We use leaflet to visualize the location of schools and metro stations.
pal <- colorFactor(c("navy", "red"), domain = c("metro", "school"))
leaflet() %>% addTiles() %>%
addCircleMarkers(data = map_points,
lat = ~lat, lng = ~lon,
color = ~pal(label),
radius = 4,
stroke = FALSE,
fillOpacity = 0.5,
label = map_points$label)# Save map with M1 and M2 stations for further analysis
metro$Label <- ifelse(metro$Station %in% metro_stations_m1, "M1", "M2")
metrom1m2 <- metro %>%
rename( "latitude" = "Latitude" ,
"longitude" = "Longitude")
save(metrom1m2, file = "metro_m1m2.Rdata")We estimate the distance between schools and metro stations to analyse the impact of extending the metro system in Warsaw.
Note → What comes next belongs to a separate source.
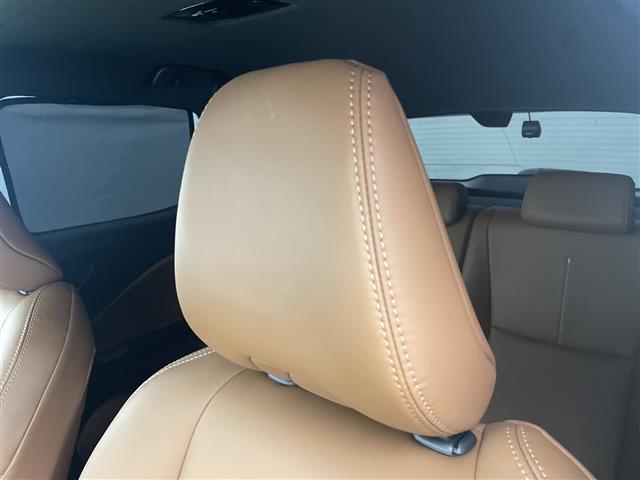 Lexus LBX 12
We estimate three distances between schools and M1 stations and between different parts of the M2 line.
df$distance_2019 <- rep(NA, length(df$name))
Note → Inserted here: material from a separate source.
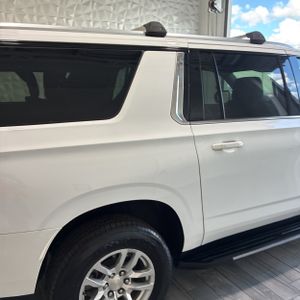 CHEVROLET SUBURBAN LT - 9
df$distance_2020 <- rep(NA, length(df$name))
df$distance_2022 <- rep(NA, length(df$name))
for (i in 1:length(df$name)){
# working matrix
D2019 <- df[i, c("name", "long", "lat")]
# matrix for M1 stations
Dmetro1 <- data.frame(name = metro$Station[metro$Station %in% metro_stations_m1],
lat = metro$Latitude[metro$Station %in% metro_stations_m1],
long = metro$Longitude[metro$Station %in% metro_stations_m1])
# matrix for M1 stations in 2019
Dmetro2_2019 <- data.frame(name = metro$Station[metro$Station %in% metro_stations_m2019],
lat = metro$Latitude[metro$Station %in% metro_stations_m2019],
long = metro$Longitude[metro$Station %in% metro_stations_m2019])
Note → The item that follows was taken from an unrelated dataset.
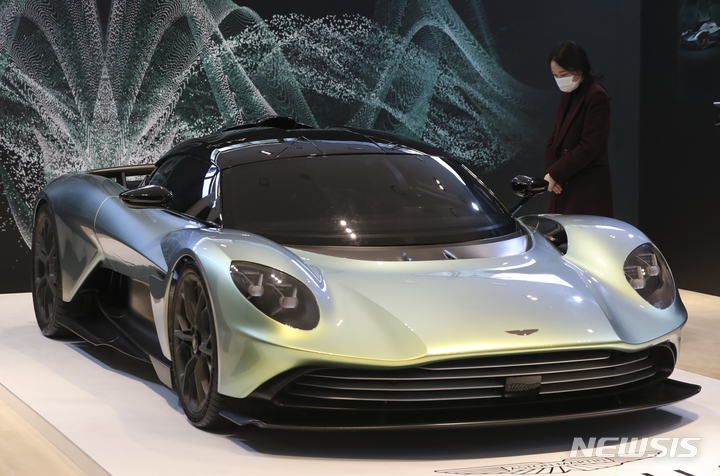 [서울=뉴시스] 김근수 기자 = 27일 오전 서울 강남구 애스터마틴 매장에서 열린 1천마력 하이브리드 슈퍼카 발할라(VALHALLA) 국내 공개행사에서 한 고객이 차량을 살펴보고 있다. 2023.01.27. ks@newsis.com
# matrix for M1 stations in 2020
Dmetro2_2020 <- data.frame(name = metro$Station[metro$Station %in% metro_stations_m2020],
lat = metro$Latitude[metro$Station %in% metro_stations_m2020],
long = metro$Longitude[metro$Station %in% metro_stations_m2020])
# matrix for M1 stations in 2022
Dmetro2_2022 <- data.frame(name = metro$Station[metro$Station %in% metro_stations_m2022],
lat = metro$Latitude[metro$Station %in% metro_stations_m2022],
long = metro$Longitude[metro$Station %in% metro_stations_m2022])
dist2019 <- rbind(D2019, Dmetro1, Dmetro2_2019)
dist2020 <- rbind(D2019, Dmetro1, Dmetro2_2019, Dmetro2_2020)
dist2022 <- rbind(D2019, Dmetro1, Dmetro2_2019, Dmetro2_2020, Dmetro2_2022)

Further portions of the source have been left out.